**Directions for this task**
Below this sentence is a listing; return exactly its lines from the one with "4 Bedroom Property" to the one with "Cavour33 4* Massa (Tuscany)", both kept, and nothing more.

**Input**

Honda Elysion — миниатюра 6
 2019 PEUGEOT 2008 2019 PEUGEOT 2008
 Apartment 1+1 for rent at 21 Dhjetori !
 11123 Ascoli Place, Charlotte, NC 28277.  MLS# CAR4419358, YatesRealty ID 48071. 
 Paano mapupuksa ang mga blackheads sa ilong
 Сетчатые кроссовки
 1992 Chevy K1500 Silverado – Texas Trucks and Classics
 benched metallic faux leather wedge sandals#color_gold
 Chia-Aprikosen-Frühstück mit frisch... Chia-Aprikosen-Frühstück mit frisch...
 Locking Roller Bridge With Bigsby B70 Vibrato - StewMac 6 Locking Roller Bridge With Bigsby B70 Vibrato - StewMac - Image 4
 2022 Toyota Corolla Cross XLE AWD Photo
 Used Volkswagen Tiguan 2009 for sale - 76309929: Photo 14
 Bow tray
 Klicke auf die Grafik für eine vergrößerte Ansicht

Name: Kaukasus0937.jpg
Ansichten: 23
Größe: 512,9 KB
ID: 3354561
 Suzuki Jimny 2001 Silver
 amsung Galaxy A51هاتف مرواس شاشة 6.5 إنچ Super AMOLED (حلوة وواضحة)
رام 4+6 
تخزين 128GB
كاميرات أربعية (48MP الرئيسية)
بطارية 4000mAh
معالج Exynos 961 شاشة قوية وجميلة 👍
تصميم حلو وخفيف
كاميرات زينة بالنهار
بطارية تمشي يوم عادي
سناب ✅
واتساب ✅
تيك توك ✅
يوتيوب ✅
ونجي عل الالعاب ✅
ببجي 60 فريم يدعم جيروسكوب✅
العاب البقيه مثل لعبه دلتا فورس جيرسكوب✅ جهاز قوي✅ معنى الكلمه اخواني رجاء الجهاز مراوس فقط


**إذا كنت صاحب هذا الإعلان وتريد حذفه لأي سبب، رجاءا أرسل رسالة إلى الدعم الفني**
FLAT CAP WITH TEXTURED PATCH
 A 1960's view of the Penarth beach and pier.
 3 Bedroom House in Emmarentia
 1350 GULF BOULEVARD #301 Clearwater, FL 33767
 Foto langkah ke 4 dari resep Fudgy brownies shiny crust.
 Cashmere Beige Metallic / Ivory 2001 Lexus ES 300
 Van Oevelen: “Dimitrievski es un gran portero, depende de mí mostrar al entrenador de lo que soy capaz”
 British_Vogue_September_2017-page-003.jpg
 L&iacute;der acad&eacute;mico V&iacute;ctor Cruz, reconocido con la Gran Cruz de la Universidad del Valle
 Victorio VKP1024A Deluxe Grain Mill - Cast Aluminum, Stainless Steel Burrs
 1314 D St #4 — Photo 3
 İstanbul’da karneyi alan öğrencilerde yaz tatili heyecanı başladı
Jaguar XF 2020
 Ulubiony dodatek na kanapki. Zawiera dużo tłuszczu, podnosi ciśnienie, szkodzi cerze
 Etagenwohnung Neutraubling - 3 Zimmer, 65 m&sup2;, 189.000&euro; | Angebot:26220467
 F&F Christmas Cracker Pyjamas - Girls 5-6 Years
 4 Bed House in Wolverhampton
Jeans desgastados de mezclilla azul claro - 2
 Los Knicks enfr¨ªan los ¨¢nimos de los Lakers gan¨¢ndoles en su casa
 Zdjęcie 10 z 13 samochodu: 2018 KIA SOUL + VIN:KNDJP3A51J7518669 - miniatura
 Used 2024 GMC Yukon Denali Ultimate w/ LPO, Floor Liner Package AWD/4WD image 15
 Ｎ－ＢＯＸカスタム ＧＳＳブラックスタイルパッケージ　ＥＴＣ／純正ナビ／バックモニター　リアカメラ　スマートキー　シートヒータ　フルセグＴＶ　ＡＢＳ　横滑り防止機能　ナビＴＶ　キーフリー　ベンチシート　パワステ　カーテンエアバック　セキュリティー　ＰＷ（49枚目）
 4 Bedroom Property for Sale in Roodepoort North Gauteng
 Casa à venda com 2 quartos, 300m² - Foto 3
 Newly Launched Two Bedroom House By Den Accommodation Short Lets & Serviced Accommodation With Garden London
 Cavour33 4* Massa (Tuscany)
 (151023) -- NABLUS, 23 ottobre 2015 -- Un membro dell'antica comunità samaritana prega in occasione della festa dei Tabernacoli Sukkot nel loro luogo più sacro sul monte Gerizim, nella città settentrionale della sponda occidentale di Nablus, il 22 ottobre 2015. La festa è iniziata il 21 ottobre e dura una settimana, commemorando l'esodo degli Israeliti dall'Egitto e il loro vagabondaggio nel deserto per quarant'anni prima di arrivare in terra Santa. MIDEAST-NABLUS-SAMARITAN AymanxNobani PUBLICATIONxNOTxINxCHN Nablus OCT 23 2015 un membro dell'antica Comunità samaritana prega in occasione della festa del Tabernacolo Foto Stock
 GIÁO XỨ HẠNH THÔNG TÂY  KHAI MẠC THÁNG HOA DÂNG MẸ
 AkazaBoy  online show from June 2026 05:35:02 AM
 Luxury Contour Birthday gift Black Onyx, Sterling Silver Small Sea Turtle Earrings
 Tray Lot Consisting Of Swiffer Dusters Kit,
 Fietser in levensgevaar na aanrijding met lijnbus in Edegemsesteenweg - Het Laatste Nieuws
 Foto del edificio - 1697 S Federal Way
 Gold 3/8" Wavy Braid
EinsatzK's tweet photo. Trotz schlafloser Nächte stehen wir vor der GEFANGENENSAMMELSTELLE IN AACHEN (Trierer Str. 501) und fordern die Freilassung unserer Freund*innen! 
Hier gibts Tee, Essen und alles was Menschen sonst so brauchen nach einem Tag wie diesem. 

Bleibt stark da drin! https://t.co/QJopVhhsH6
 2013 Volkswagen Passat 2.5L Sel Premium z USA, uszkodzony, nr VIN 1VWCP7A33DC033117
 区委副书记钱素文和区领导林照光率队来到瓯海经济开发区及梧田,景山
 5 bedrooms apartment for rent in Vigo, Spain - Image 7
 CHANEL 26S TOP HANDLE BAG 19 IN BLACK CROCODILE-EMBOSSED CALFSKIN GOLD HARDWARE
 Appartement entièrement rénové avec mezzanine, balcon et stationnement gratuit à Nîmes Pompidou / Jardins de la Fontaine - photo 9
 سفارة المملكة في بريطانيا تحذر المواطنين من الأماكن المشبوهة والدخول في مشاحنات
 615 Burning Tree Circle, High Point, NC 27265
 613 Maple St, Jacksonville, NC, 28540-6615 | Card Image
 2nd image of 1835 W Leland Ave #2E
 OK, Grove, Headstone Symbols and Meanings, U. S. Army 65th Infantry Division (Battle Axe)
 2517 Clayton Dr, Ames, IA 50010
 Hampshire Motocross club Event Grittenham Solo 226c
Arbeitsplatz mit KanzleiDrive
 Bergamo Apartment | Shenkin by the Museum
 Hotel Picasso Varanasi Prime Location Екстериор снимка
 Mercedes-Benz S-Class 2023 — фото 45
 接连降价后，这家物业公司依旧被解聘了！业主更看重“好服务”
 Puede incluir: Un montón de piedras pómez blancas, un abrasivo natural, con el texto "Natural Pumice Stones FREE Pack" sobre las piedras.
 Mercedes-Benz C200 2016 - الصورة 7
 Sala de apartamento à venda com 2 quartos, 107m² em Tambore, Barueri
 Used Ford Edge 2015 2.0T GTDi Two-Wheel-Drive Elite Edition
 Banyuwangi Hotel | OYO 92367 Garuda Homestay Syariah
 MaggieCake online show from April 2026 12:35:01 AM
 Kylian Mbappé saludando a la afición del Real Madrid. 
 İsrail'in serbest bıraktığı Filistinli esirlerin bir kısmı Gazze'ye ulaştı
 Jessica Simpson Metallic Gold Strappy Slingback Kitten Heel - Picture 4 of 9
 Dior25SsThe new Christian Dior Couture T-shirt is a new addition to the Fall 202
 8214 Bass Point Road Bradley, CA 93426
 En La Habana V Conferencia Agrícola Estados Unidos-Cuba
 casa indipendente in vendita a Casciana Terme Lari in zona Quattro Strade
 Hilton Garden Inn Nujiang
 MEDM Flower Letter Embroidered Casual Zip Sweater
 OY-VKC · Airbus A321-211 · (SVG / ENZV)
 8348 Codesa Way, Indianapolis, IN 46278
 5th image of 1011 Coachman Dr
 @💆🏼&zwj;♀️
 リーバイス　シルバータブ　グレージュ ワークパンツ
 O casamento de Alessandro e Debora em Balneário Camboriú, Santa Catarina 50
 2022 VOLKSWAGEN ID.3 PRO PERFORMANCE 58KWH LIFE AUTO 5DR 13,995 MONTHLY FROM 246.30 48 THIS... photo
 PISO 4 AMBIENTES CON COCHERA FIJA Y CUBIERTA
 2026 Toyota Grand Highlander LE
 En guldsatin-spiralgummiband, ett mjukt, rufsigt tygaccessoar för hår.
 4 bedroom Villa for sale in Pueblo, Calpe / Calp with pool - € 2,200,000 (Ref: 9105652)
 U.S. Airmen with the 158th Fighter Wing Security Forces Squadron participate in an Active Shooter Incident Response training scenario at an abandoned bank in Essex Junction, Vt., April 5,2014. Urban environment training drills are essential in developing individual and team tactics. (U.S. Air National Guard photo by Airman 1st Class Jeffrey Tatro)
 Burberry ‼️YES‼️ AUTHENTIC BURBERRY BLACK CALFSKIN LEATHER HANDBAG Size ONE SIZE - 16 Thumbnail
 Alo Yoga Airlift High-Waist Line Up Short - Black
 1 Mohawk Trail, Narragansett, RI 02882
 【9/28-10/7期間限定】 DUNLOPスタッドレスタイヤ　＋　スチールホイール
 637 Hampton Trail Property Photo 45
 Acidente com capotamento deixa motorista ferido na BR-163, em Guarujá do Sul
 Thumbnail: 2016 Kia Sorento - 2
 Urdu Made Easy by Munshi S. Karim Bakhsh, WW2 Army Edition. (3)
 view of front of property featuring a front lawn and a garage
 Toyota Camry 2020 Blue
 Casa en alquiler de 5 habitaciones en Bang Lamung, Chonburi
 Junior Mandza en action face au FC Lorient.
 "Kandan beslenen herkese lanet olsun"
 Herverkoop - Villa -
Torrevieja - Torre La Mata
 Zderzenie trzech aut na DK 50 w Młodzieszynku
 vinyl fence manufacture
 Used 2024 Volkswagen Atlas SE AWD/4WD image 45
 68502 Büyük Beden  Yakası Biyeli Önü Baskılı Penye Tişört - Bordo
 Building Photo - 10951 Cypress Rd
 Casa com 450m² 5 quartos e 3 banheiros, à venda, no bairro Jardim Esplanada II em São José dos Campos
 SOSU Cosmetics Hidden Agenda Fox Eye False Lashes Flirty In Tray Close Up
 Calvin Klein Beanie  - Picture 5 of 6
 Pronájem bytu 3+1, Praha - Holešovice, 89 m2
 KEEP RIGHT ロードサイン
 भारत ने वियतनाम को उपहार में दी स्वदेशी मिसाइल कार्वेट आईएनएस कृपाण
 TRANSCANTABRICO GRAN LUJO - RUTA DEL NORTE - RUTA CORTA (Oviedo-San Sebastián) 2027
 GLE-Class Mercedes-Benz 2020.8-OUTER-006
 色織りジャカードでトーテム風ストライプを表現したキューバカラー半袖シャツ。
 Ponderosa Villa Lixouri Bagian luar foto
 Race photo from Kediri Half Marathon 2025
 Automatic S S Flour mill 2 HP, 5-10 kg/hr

**Answer space**
 4 Bedroom Property for Sale in Roodepoort North Gauteng
 Casa à venda com 2 quartos, 300m² - Foto 3
 Newly Launched Two Bedroom House By Den Accommodation Short Lets & Serviced Accommodation With Garden London
 Cavour33 4* Massa (Tuscany)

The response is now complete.